◆ Data provided ◆
-=-=-

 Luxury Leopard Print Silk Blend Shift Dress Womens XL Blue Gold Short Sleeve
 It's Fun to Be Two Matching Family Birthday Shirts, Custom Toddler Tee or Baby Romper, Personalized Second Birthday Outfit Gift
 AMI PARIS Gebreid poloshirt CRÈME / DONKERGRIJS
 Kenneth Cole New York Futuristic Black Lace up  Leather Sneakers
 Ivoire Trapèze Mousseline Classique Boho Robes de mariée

-=-=-

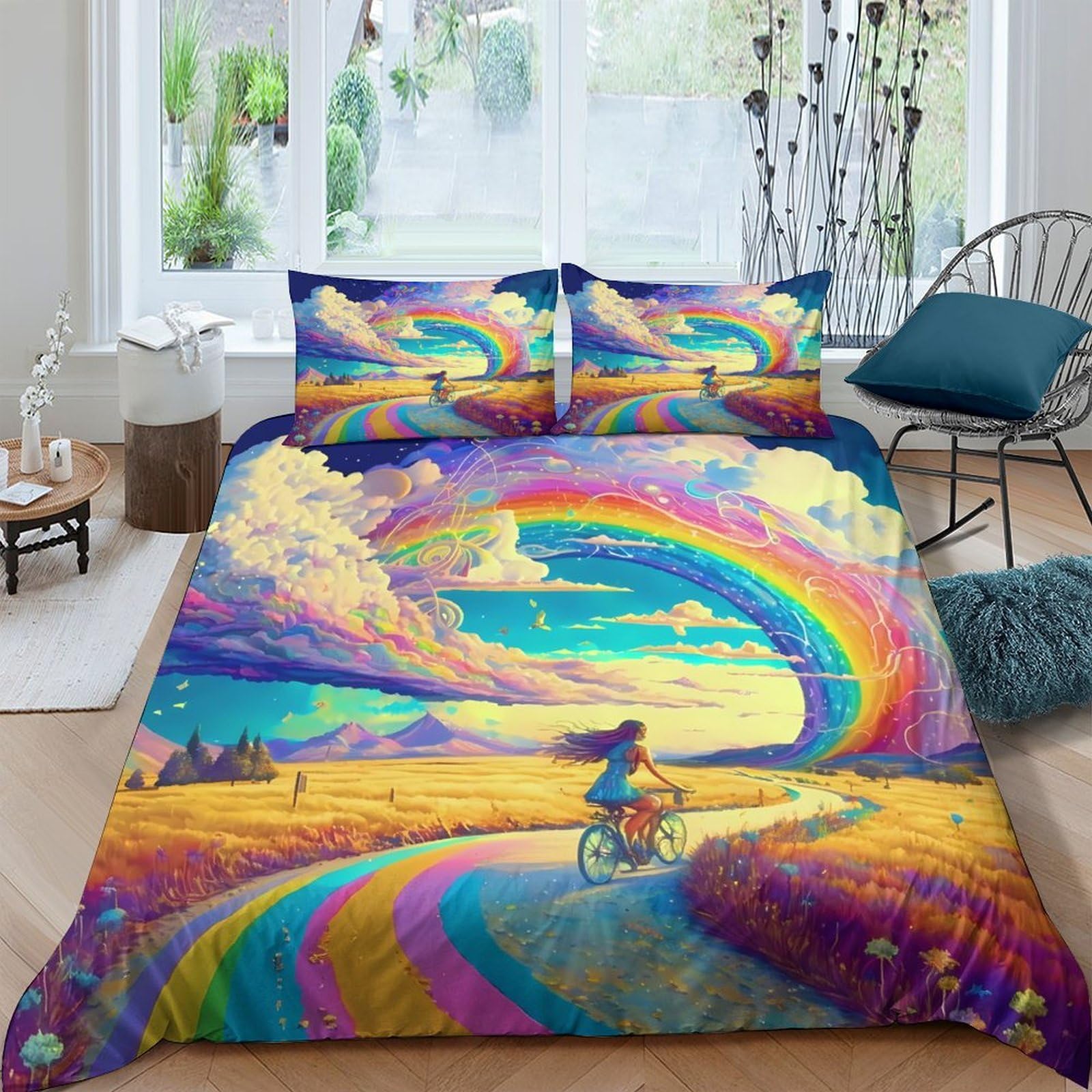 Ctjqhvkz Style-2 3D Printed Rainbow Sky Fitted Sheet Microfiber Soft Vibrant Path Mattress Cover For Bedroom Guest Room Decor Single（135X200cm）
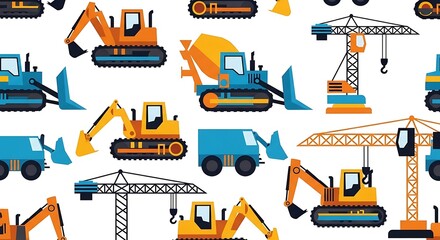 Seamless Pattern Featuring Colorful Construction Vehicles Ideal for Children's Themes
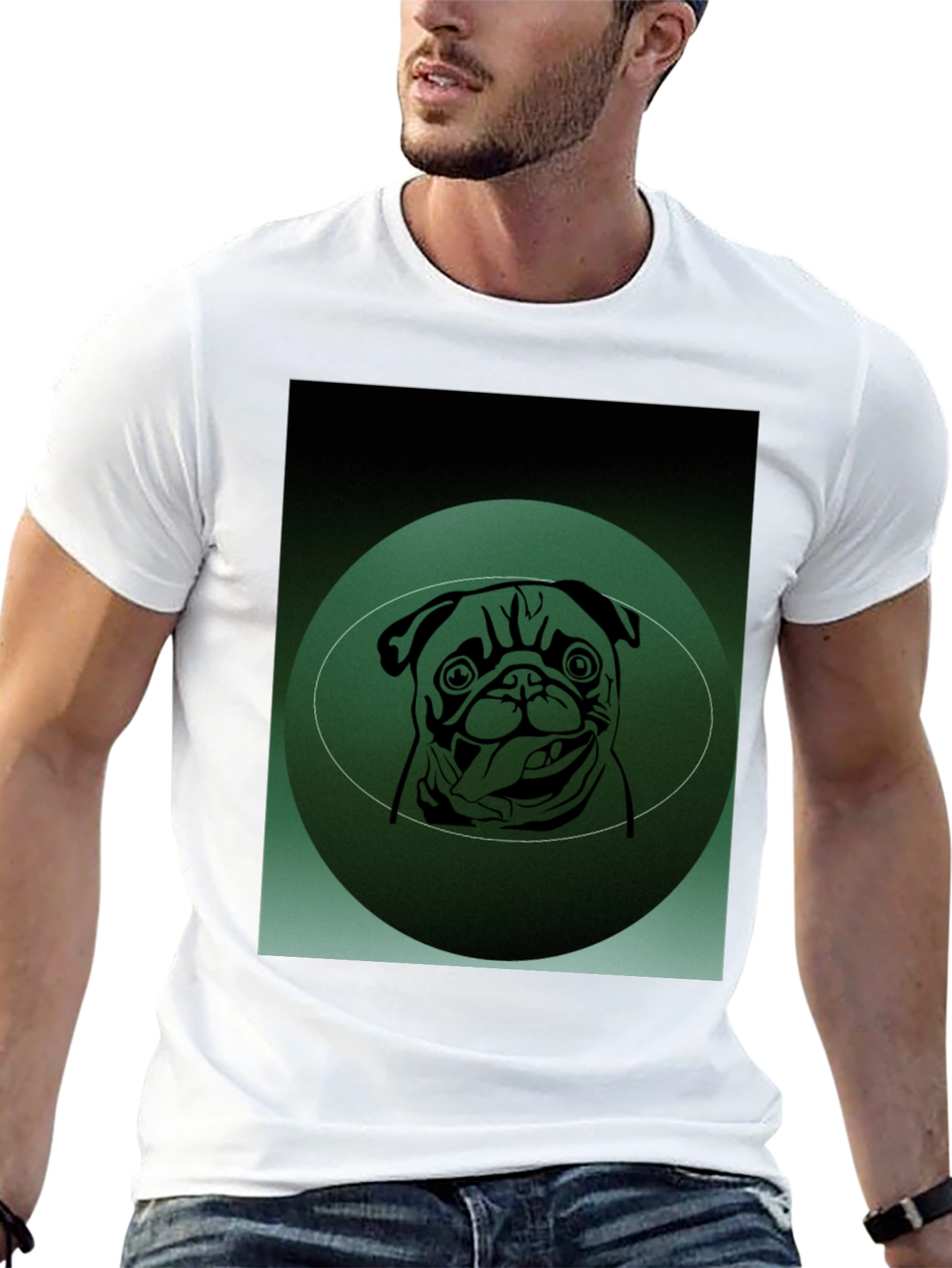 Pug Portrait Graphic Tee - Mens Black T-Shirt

-=-=-

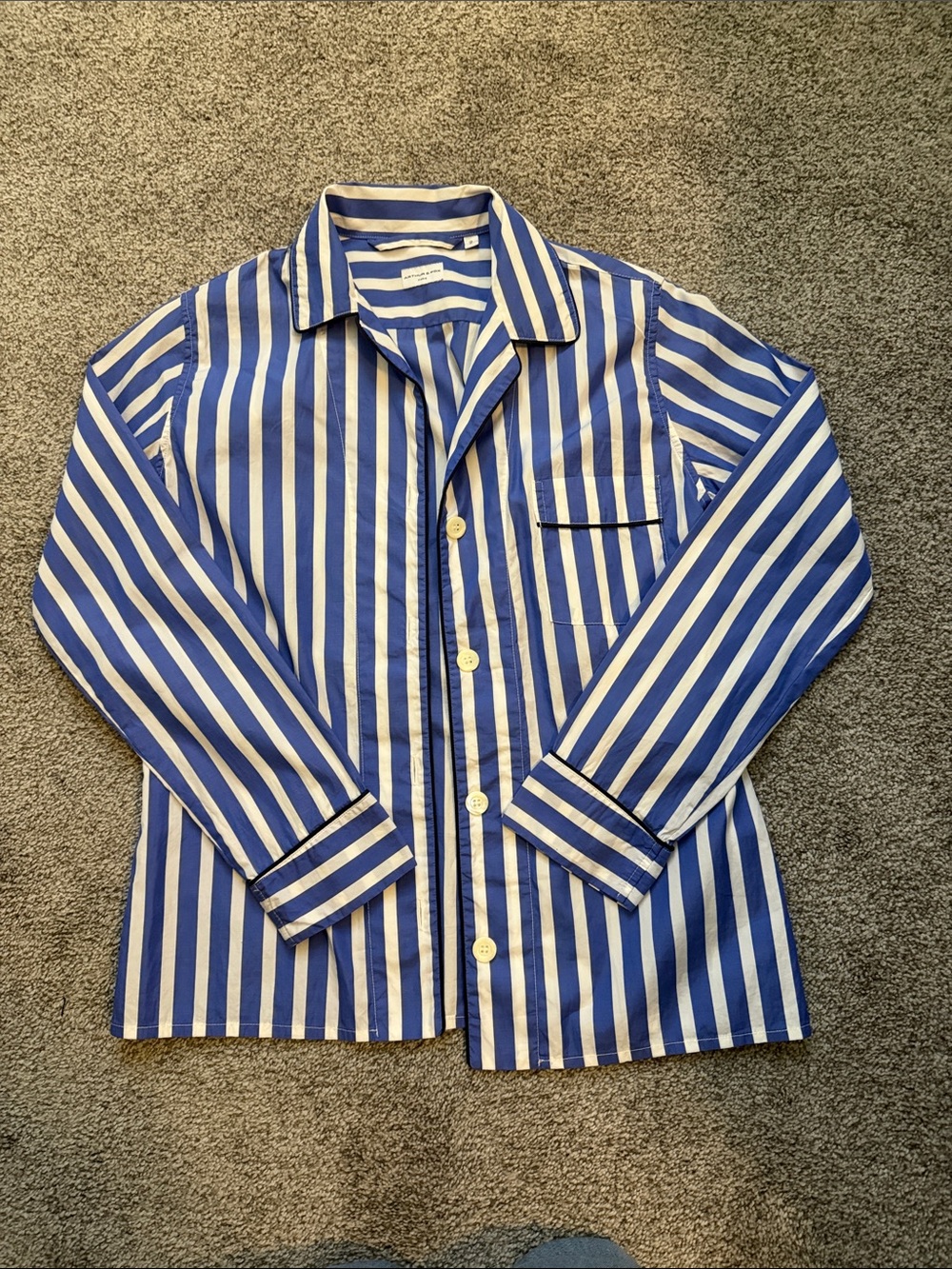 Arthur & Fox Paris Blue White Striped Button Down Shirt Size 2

-=-=-

◆ Work to complete ◆
Above are the entries. Copy exactly the part that opens with the line containing "Kenneth Cole New" and closes with the line containing "Ivoire Trapèze Mousseline", and no more.

◆ Written response ◆
 Kenneth Cole New York Futuristic Black Lace up  Leather Sneakers
 Ivoire Trapèze Mousseline Classique Boho Robes de mariée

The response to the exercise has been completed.